CRISE ANGLOPHONE : La Suisse aura la charge de la médiation avec d'autres

Le président camerounais, Paul Biya, se repose, à Genève, depuis dimanche, 23 juin, soir. Il y est, pour quelque temps « un bref séjour » dit un communiqué de la présidence camerounaise, avec la première dame, Chantal Biya. Le chef de l'Etat camerounais n'y avait plus mis les pieds depuis plus de neuf mois. Cela dit, son séjour ne sera pas de tout repos. Après avoir marqué son accord à la proposition de médiation suisse dans le cadre de la crise anglophone, il mettra son « bref séjour » à profit pour rencontrer plusieurs personnalités suisses impliquées dans cette médiation afin de la faire avancer, sachant que les élections régionales seront programmées au courant du dernier trimestre de cette année, ce qui n'est pas le cas des élections locales et législatives qui ont été repoussées à l'année prochaine.

C'est, donc, sans surprise que la Suisse a annoncé, jeudi, 27 juin, jouer un rôle de médiateur dans la crise anglophone au Cameroun. Des séparatistes (dont on ignore le nombre exact) militent pour la création d'un Etat indépendant, l'Ambazonie, dans les régions du Nord-Ouest et du Sud-Ouest. Mais, le président camerounais, a fermé la porte à la séparation de son pays, et dit Oui au dialogue concernant d'autres sujets de préoccupation nationale dont le fédéralisme demandé par le principal parti de l'opposition, le Social Democratic Front (SDF) de Ni John Fru Ndi, ainsi que d'autres organisations et personnalités politiques.

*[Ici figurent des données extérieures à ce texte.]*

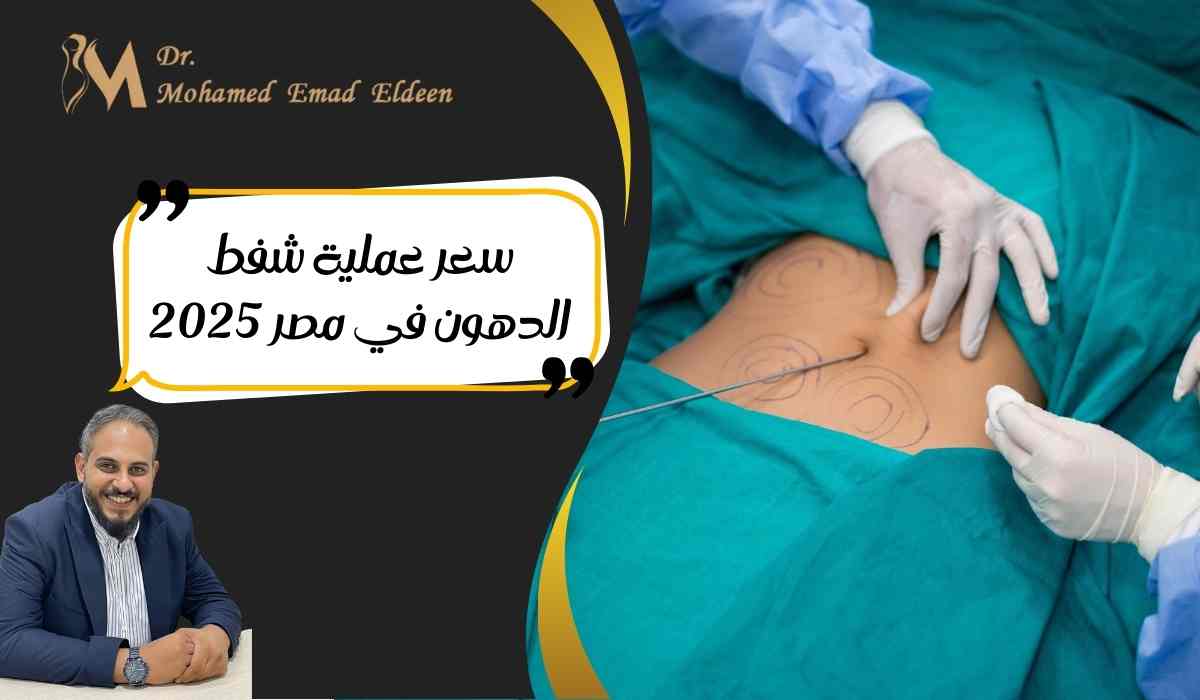 سعر-عملية-شفط-الدهون-في-مصر-2025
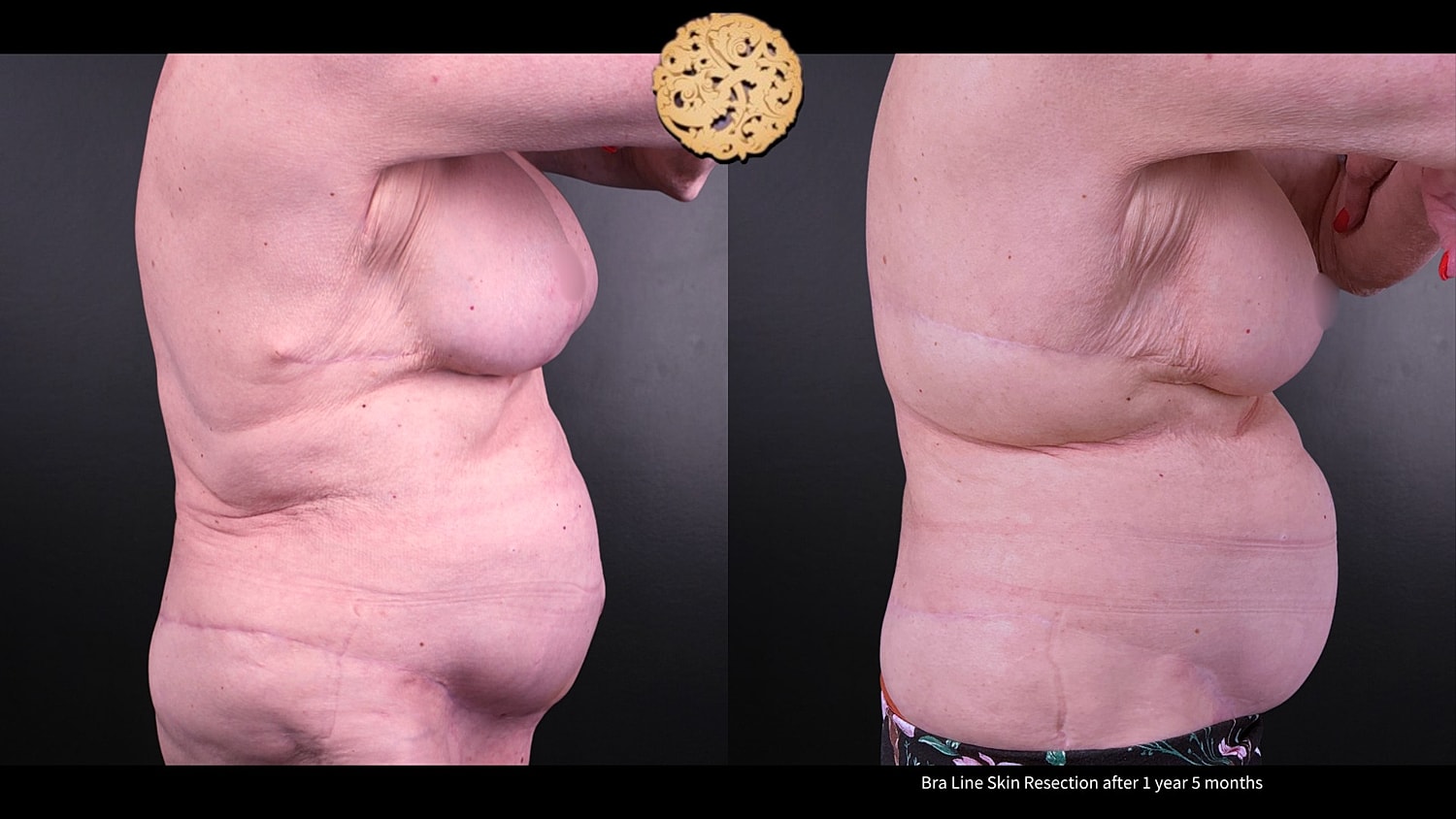 Scar Revision Before & After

Dans un communiqué, le Département fédéral des Affaires étrangères (DFAE) indique que «la Suisse a été mandatée par une majorité des parties pour faciliter un processus de négociation inclusif». «Le DFAE s'emploie à trouver une solution pacifique et durable à la crise dans le Nord-Ouest et le Sud-Ouest du Cameroun, en collaboration avec le Centre pour le dialogue humanitaire», une organisation basée à Genève. Une rencontre avec «divers groupes d'opposition» camerounais a eu lieu du 25 au 27 juin en Suisse, explique le DFAE. Une première rencontre, également, avec l'opposition, s'est tenue en mai, selon un porte-parole du DFAE.

Le ministère souligne que «l'objectif de cette (deuxième) rencontre était de préparer les futures négociations de paix entre le gouvernement camerounais et l'opposition politique».

L'annonce intervient alors qu'une quarantaine d'opposants camerounais - des exilés, selon le journal La Tribune de Genève - ont forcé, mardi, 25 juin, l'entrée de l'hôtel intercontinental de Genève où séjourne le président camerounais Paul Biya.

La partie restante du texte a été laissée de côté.